This section gives a brief overview on how to use Sickle for querying OAI interfaces.
To make a connection to an OAI interface, you need to import the Sickle object:
>>> from sickle import Sickle
Next, you can initialize the connection by passing it the basic URL. In our example, we use the OAI interface of the ELIS repository:
>>> sickle = Sickle('http://elis.da.ulcc.ac.uk/cgi/oai2')
Sickle provides methods for each of the six OAI verbs (ListRecords, GetRecord, Idenitfy, ListSets, ListMetadataFormats, ListIdentifiers). Start with a ListRecords request:
>>> records = sickle.ListRecords(metadataPrefix='oai_dc')

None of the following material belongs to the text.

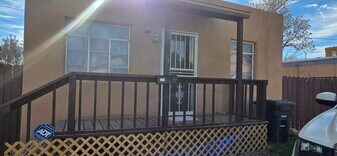 916 Lomas Blvd NW in Albuquerque, NM - Building Photo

Note that all keyword arguments you provide to this function are passed to the OAI interface as HTTP parameters. Therefore the example request would send the parameters verb=ListRecords&metadataPrefix=oai_dc
. We can add additional parameters, like, for example, an OAI set
:
>>> records = sickle.ListRecords(metadataPrefix='oai_dc', set='driver')
Since most OAI verbs yield more than one element, their respective Sickle methods return iterator objects which can be used to iterate over the records of a repository:
>>> records = sickle.ListRecords(metadataPrefix='oai_dc')
>>> records.next()
<Record oai:eprints.rclis.org:4088>
Note that this works with all verbs that return more than one element. These are: ~sickle.app.Sickle.ListRecords
, ~sickle.app.Sickle.ListIdentifiers
, ~sickle.app.Sickle.ListSets
, and ~sickle.app.Sickle.ListMetadataFormats
.
The following example shows how to iterate over the headers returned by ListIdentifiers
:
>>> headers = sickle.ListIdentifiers(metadataPrefix='oai_dc')
>>> headers.next()
<Header oai:eprints.rclis.org:4088>
Iterating over the the sets returned by ListSets
works similarly:
>>> sets = sickle.ListSets()
>>> sets.next()
<Set Status = In Press>
If you need to perform selective harvesting by date using the from
parameter, you may face the problem that from
is a reserved word in Python:
>>> records = sickle.ListRecords(metadataPrefix='oai_dc', from="2012-12-12")
File "<stdin>", line 1
records = sickle.ListRecords(metadataPrefix='oai_dc', from="2012-12-12")
^
SyntaxError: invalid syntax
Fortunately, you can circumvent this problem by using a dictionary together with the **
operator:
>>> records = sickle.ListRecords(
... **{'metadataPrefix': 'oai_dc',
... 'from': '2012-12-12'
... })
OAI-PMH allows you to get a single record by using the GetRecord
verb:
>>> sickle.GetRecord(identifier='oai:eprints.rclis.org:4088',
... metadataPrefix='oai_dc')
<Record oai:eprints.rclis.org:4088>
Sickle supports two harvesting modes that differ in the type of the returned objects. The default mode returns OAI-specific items (records, headers etc.) encoded as Python objects as seen earlier. If you want to save the whole XML response returned by the server, you have to pass the sickle.iterator.OAIResponseIterator
during the instantiation of the ~sickle.app.Sickle
object:
>>> sickle = Sickle('http://elis.da.ulcc.ac.uk/cgi/oai2', iterator=OAIResponseIterator)
>>> responses = Sickle.ListRecords(metadataPrefix='oai_dc')
>>> responses.next()
<OAIResponse ListRecords>
You could then save the returned responses to disk:
>>> with open('response.xml', 'w') as fp:
... fp.write(responses.next().raw.encode('utf8'))
The ~sickle.app.Sickle.ListRecords
and ~sickle.app.Sickle.ListIdentifiers
methods accept an optional parameter ignore_deleted
. If set to True
, the returned ~sickle.iterator.OAIItemIterator
will skip deleted records/headers:
>>> records = sickle.ListRecords(metadataPrefix='oai_dc', ignore_deleted=True)
Note
This works only using the sickle.iterator.OAIItemIterator
. If you use the sickle.iterator.OAIResponseIterator
, the resulting OAI responses will still contain the deleted records.